The woman had her coat on, and her hat was on the scarred table. She had been just about to go out when death struck her.

The woman’s name, according to the torn pay envelope, was Abigail Ort. Nellie went out, hailed a cab and hurried to the Leggitt Building.

She had lost the person she was assigned to trail, and she burned to make that up. Also, she had found that the woman was in it up to her neck; so if she could locate her and haul her in for murder, many things might be solved.

She thought the locating might be done if she got a list of people connected with Abigail Ort and checked over them; and it was quite possible that her employers, the Leggitt Building, might know of near relatives or friends.

The night man in the brightly lighted lobby of the thirty-story building looked at Nellie with a good deal of approval. She drew that sort of look from any male under eighty. And the night man was only a little over fifty.

“Abigail Ort?” he said, giving Nellie no time to finish the question she had started to ask. “Oh, yes. She works here. She’s up on the eighteenth floor now. If you want to see her, I’ll run you up.”

“She’s up there—now?” gasped Nellie.

“Yeah. Came in about ten minutes ago, a little late.”

Nellie crammed back more exclamations. It would seem, remembering that corpse in the tenement, that if Abigail Ort were up there, now, it must be the ghost of Abigail Ort walking.

But then the other answer struck her, and her blue eyes went lighter with anticipated action.

She had struck a hotter trail than she’d dreamed of, in coming here. The other woman, apparently, had killed Abigail Ort in order to take her place this night in the Leggitt Building!

Why? Well, that’s what she wanted to find out.

“I would like to see her a minute,” she said demurely. “If it isn’t against the rules.”

The night man would have preened his mustache, if he had had a mustache.

“Rules are made to be broken—for certain people,” he said roguishly. Then he took her up to the eighteenth floor in the one elevator kept running all night.

The corridor was fairly well lighted, but it was so quiet and deserted that it gave Nellie a sense of being in a tomb.

“She’s probably near the back end,” said the guard. “She usually starts there and works front.”

Nellie nodded and walked toward the rear of the corridor. She walked slowly, wanting the night man to close the elevator door and leave her alone. But he stayed where he was, looking out the open cage after her.

Then she heard the door clang reluctantly shut. Someone had rung for the cage from the lobby or from another floor. She was left by herself in the glistening tunnel of marble slabs.
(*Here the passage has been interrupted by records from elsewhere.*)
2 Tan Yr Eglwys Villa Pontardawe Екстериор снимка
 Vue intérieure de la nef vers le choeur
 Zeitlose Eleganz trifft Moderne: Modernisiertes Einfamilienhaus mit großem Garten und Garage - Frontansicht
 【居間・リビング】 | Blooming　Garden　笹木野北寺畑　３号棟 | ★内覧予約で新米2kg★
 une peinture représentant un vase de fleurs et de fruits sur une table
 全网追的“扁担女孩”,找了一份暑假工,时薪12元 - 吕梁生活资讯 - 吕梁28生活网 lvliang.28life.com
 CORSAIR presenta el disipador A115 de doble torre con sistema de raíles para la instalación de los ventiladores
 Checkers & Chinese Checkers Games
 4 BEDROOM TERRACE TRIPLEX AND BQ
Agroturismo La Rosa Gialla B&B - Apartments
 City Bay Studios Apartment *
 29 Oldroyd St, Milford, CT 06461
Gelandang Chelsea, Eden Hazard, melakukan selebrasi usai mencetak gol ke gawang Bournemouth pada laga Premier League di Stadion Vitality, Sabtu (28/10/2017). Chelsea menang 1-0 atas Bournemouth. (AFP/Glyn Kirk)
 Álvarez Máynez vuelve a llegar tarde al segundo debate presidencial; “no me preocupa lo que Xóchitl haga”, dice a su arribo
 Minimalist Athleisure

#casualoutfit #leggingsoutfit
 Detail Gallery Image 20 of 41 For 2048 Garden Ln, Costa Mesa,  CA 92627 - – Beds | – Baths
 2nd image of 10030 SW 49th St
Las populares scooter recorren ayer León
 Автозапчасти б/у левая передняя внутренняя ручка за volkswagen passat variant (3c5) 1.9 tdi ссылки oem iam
There was a sound from the end of the hall, and the last door on the right began to open.

Nellie sped forward like a dainty cat, without sound. Light shone out on the bare hall floor from the office.

A woman backed out, taking her time, not acting as though afraid or in a hurry at all. The light clicked off in the office as the woman’s hand found the switch, and the office door almost snapped shut.

But then the woman heard Nellie and whirled. And on her face was no longer the weary, vacant look of a person who has worked too hard for too long.

That look had been sponged off and in its place was the snarl of a tiger.

Nellie charged!

The little blond’s rush on this woman, who used her muscles for a living and was at least thirty-five pounds heavier than she, was made without a thought of failure. After all, she could handle most large men with her knowledge of wrestling and jujitsu. Certainly no woman could get the better of her!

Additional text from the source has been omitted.